Soviet radar calibration target satellite

Kosmos 285 (Космос 285 meaning Cosmos 285), known before launch as DS-P1-Yu No.24, was a Soviet satellite which was used as a radar calibration target for tests of anti-ballistic missiles. It was a 250 kg spacecraft, which was built by the Yuzhnoye Design Bureau, and launched in 1969 as part of the Dnepropetrovsk Sputnik programme.

Kosmos 285 was launched from Site 133/1 at the Plesetsk Cosmodrome, atop a Kosmos-2I 63SM carrier rocket. The launch occurred on 3 June 1969 at 12:57:27 UTC, and resulted in Kosmos 285's successful deployment into low Earth orbit. Upon reaching orbit, it was assigned its Kosmos designation, and received the International Designator 1969-049A.
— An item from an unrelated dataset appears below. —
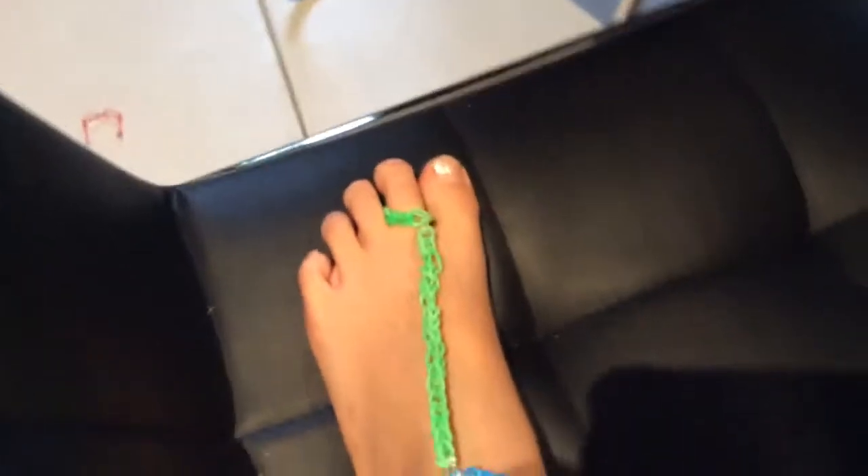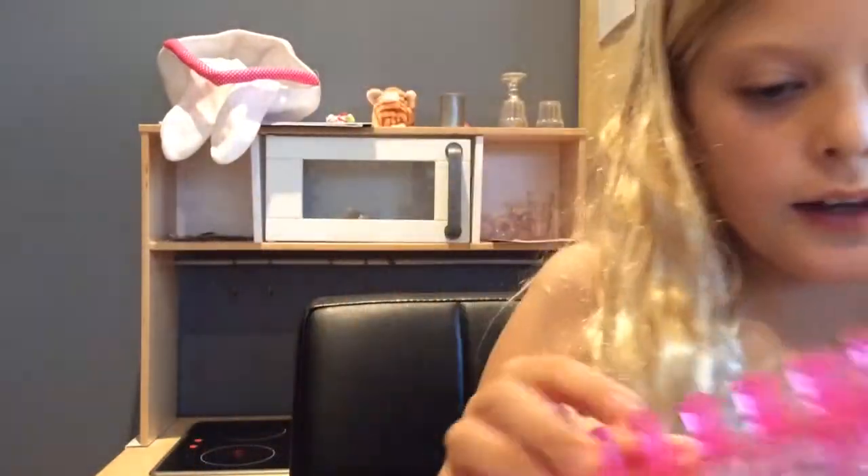Hey guys, today I'm going to teach you how to make the barefoot sandals. This is what I've already made. To make this, you will need a loom — any type of loom.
Kosmos 285 was operated in an orbit with a perigee of 257 km, an apogee of 452 km, 71 degrees of inclination, and an orbital period of 91.6 minutes. It remained in orbit until it decayed and reentered the atmosphere on 7 October 1969. It was the twenty-second of seventy nine DS-P1-Yu satellites to be launched, and the twenty-first of seventy two to successfully reach orbit.